Jeff Miller
Cultivating Citizens
"Cultivating Citizens: American Literature and Civic Education in the Gilded Age" is a book-length
manuscript that explores the relationship between education, literature, and
citizenship in the late nineteenth-century United States. This was an era
marked by a cultural obsession with defining what it meant to be "American," an era when many groups clamored for citizenship rights. Former slaves became
new citizens, immigrants looked to move
to the land of opportunity, laborers desired a stronger role in shaping
capitalism, and women began to agitate for a larger measure of control within the political process. Additionally, American
society was moving rapidly from a rural, agrarian economy to an urban,
industrial marketplace, creating new unrest between the individual and society.
Historian Michael
Ignatieff
claims that these
changes wrought a modern society that never resolved the conflict he describes
as a "tension
between
the
republican
discourse
on
citizenship
and
liberal
political
theory
of
market
man."1 It
is
precisely
this
kind
of
tension—between the
collective drive of inclusion as citizens and the singular drive of freedom as
individuals—that propels the fiction of the writers I study in this project: William Dean Howells, Mark Twain, Edward Bellamy,
Pauline Hopkins, and Charles Chesnutt.
In Chapter One, I consider
three novels written by Howells between 1886 and 1894 through the lens of John
Stuart Mill’s conception of liberalism, and I claim that Howells defines his
version of liberal citizenship in three ways: through liberty of thought and
speech, through democratic reform, and through the conservative liberal
“containment” of characters and ideas not conducive to liberal citizenship. All
three were seen explicitly as parts of an educational process—as mechanisms of
Americanization, and thus as avenues towards an ideal American citizenship.
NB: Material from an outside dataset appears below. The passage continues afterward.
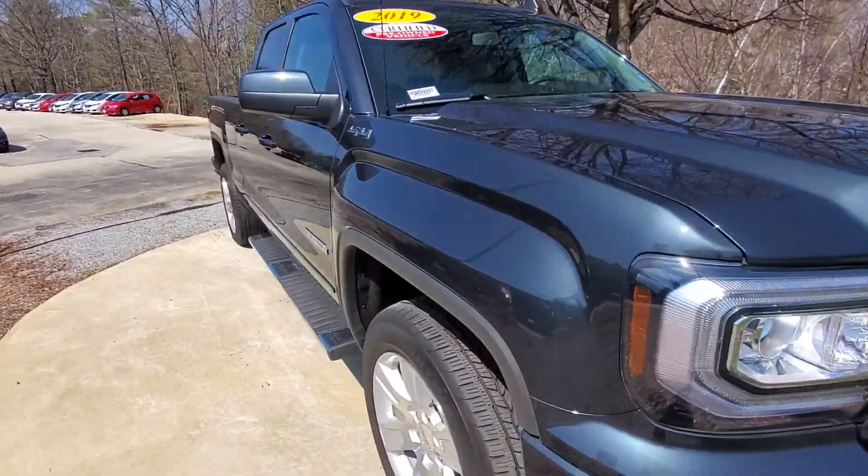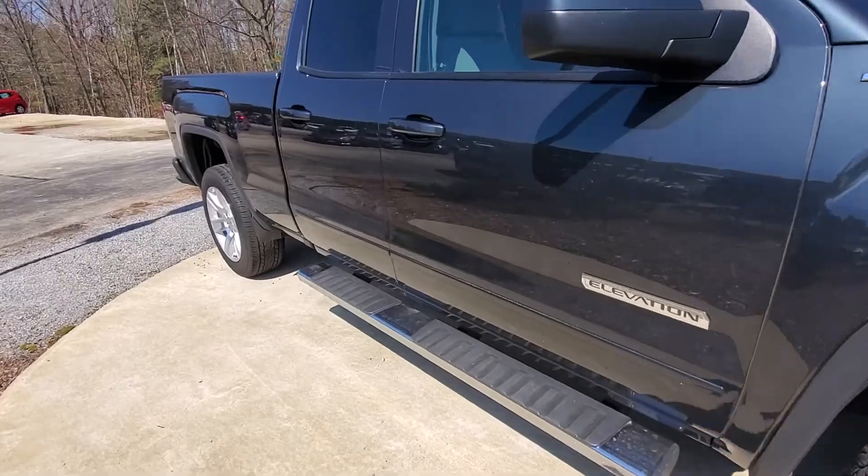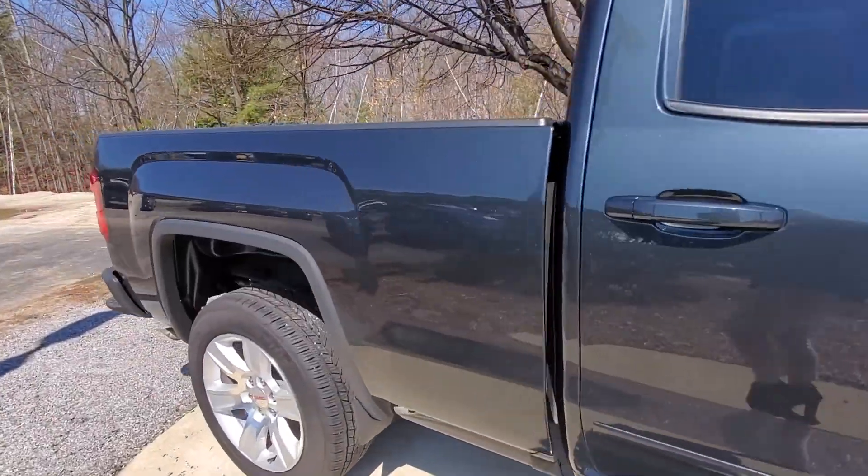Hi Dave, this is Alex over at AutoFair Honda. I just wanted to send you a quick walk-around video of the 2019 GMC CR that you inquired about online.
In Chapter Two, I argue that
Mark Twain’s A Connecticut Yankee in King Arthur’s Court is influenced
by Immanuel Kant’s theory of the kingdom of ends and its application to
educating citizens. The protagonist Hank Morgan attempts to institute
nineteenth-century American progress into sixth-century England, focusing on
the Kantian idea of the public will—in effect, justifying monarchy through the
civic education of the populace. Morgan’s ideas and actions are consistent with
the Kantian moral politician in three ways: he sees the public will as the
source of rightful political power, he judges political figures by their
understanding of the public will, and he refuses to advocate open rebellion.
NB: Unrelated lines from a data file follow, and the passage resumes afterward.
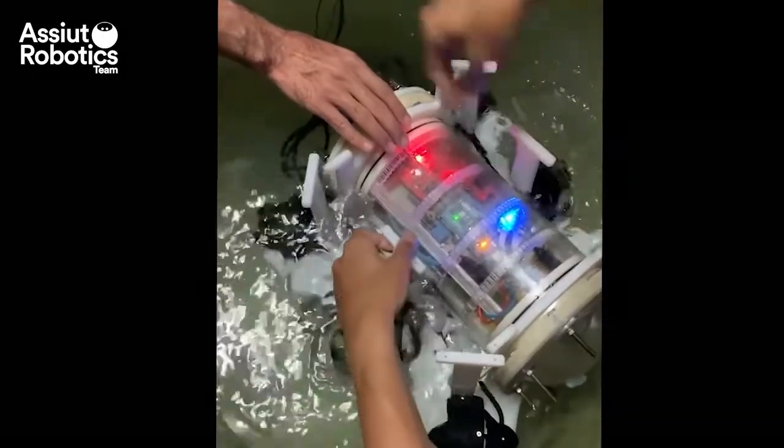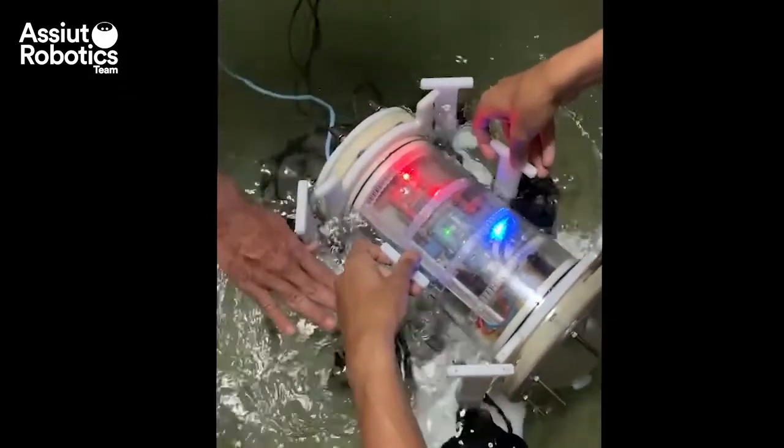And now, we'll dive into the electrical details. Hi everyone, I'm Amira Jamal, a third-year electronics and communication engineering student at Asyut University. The electronics enclosure was designed to minimize the size of the whole ROV. It basically contains two 50-ampere step-down converters to power the ROV, and two PCBs — one for power distribution, which contains fuses to protect the ESCs from overcurrent, indicated by an LED that lights up when a failure occurs.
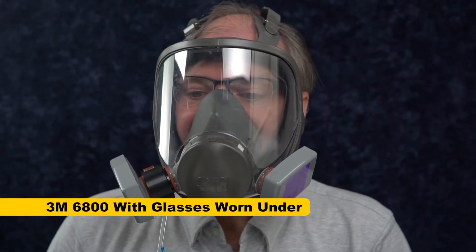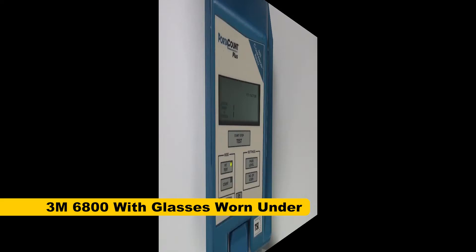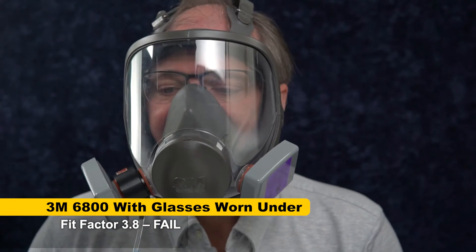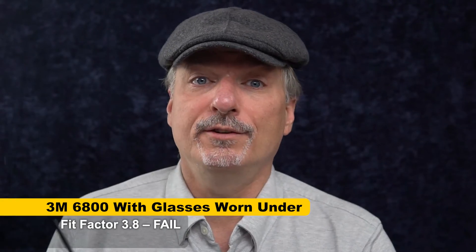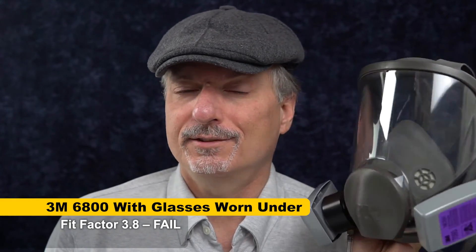So now let's try it with these big chunky framed glasses and see how much that compromises the seal. I would say don't do this even without doing the fit test, but let's see what the fit test has to say. The result: 3.8 — that is absolutely terrible. With the chunky glasses and the full face mask, we got a terrible score of 3.8. That's surgical mask territory. There's no point in wearing a $150 mask with P100 filters if you're just going to get crappy scores like that — it's not protecting you at all. Don't even bother.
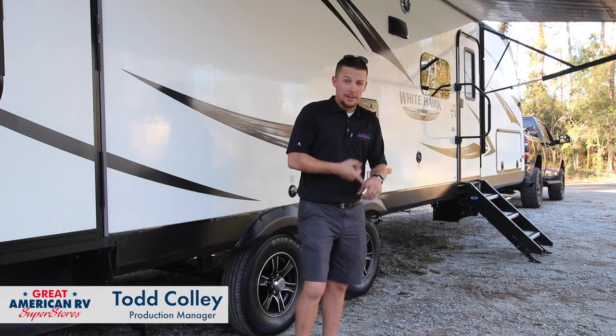Click like and subscribe to our YouTube channel so you don't miss the next how-to video here at Great American RV Superstores, where we bring the how-to to you.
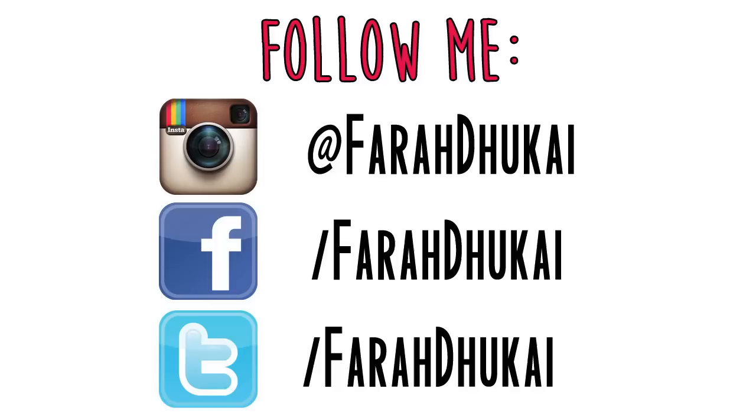For more information, check out my blog, Dukai.com. Follow me.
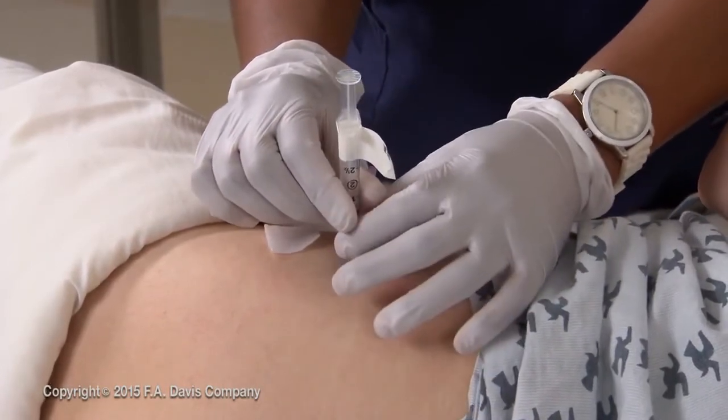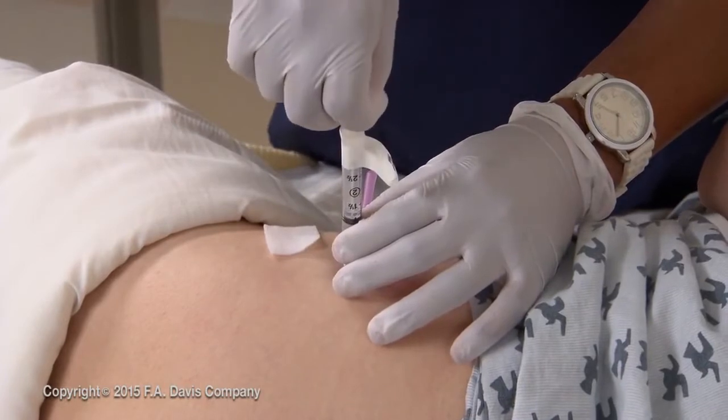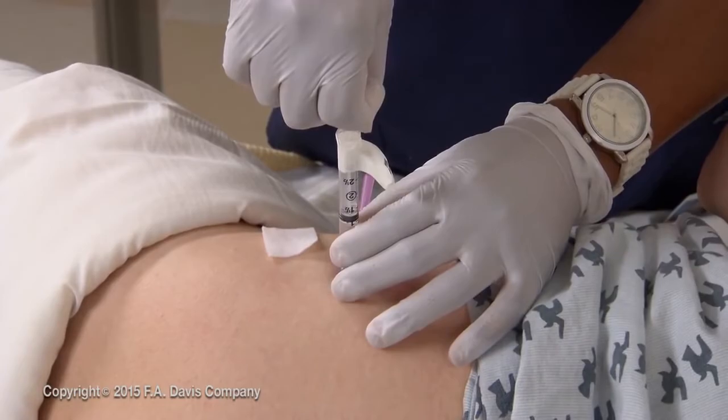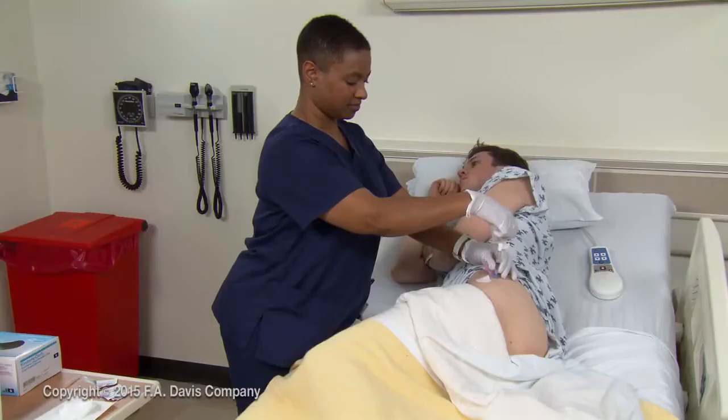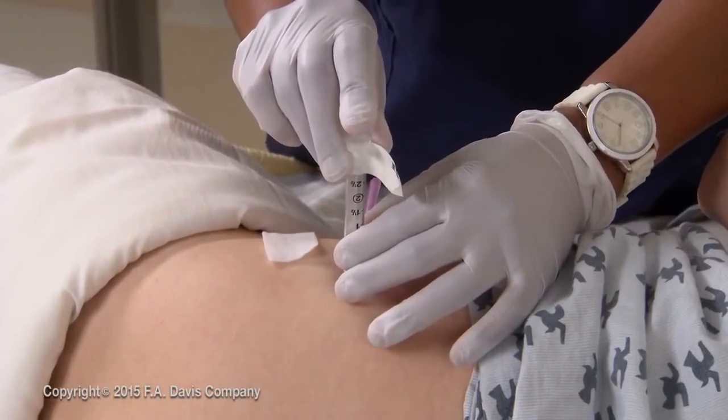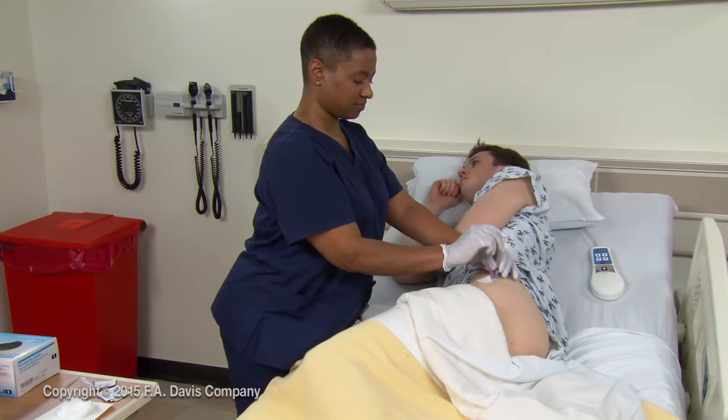Stabilize the syringe with your non-dominant hand. As a rule, aspirate by pulling back on the plunger and waiting for 5 to 10 seconds. If there is no blood return, continue with the procedure. Using the thumb or index finger of your dominant hand, press the plunger slowly to inject the medication.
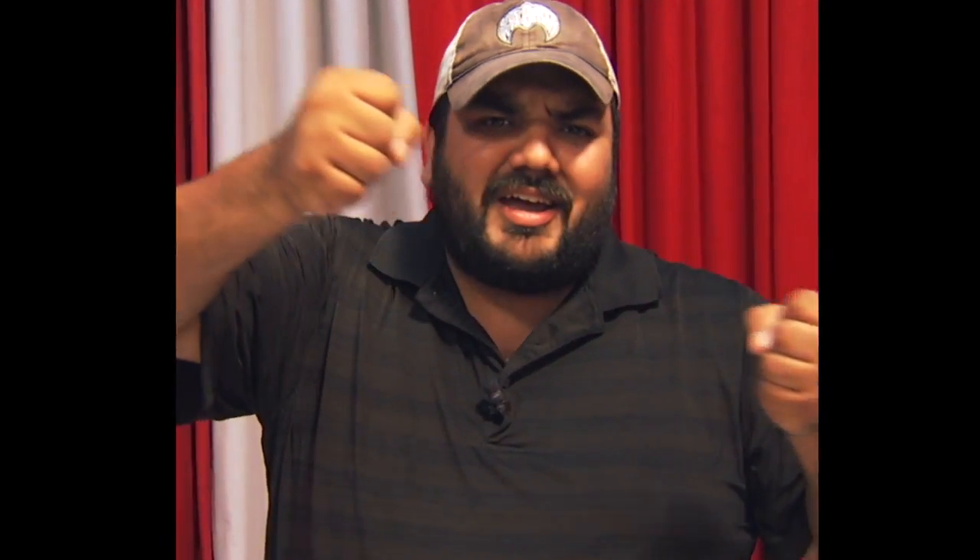Now if you notice, these two black bars next to me may be a little distracting, and as photographers what we need to do to counter this is stretch the video. Now I may be a little too close for comfort right now and the video may be a little distorted. Let's get back to normal — okay, that's better.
In Chapter Three, I analyze
how the utopian novelist Edward Bellamy acts as a missionary of inclusive
citizenship, adapting the ideals of socialist citizenship to the dramatic
conventions of utopian writing in order to educate the leisure class about
radical ideas, which they may have found unpalatable in other forms. I argue
that his utopian novel, Looking Backward,
co-opts three elements of late-nineteenth century culture that the professional
and leisure classes found irresistible: first, the novel prescribes elite,
domestic reform (i.e., paternal citizenship, rather than reform from below or,
worse yet, foreign reform); second, it taps into the idea of technocratic progressive
citizenship through natural, historical evolution, rather than through active
and dangerous agitation; and third, even as it proposes a holistic and organic
model of citizenship, it respects and upholds traditional patriarchal familial
roles.
In Chapter Four, I examine
the trope of Africa as home and its implications for black political identity.
I claim that Pauline Hopkins’s Of One
Blood posits Africa as the cradle of Western civilization and thus
functions as an element of her uplift program, which focuses on building an
ethos of civic virtue for African Americans. Three elements of this uplift
program are evident in the novel: first, to claim that Western civilization has
its origins in Africa; second, to present, then reverse, the standard Western
conception of Africa as the “dark continent”; and third, to put the rebirth of
ancient Ethiopia, and thus the metaphoric rebirth of African American civic
virtue, into an explicitly Christian theological framework. These elements work
together to contextualize the Aristotelian notion that an educated populace
makes good government within the complicated milieu of post-Reconstruction
American politics.
As the project develops, I will add more information to this site.
1. Ignateiff, “The Myth of Citizenship,” in Theorizing Citizenship, edited by Ronald Beiner (Albany, NY: State University of New York Press, 1995), 54.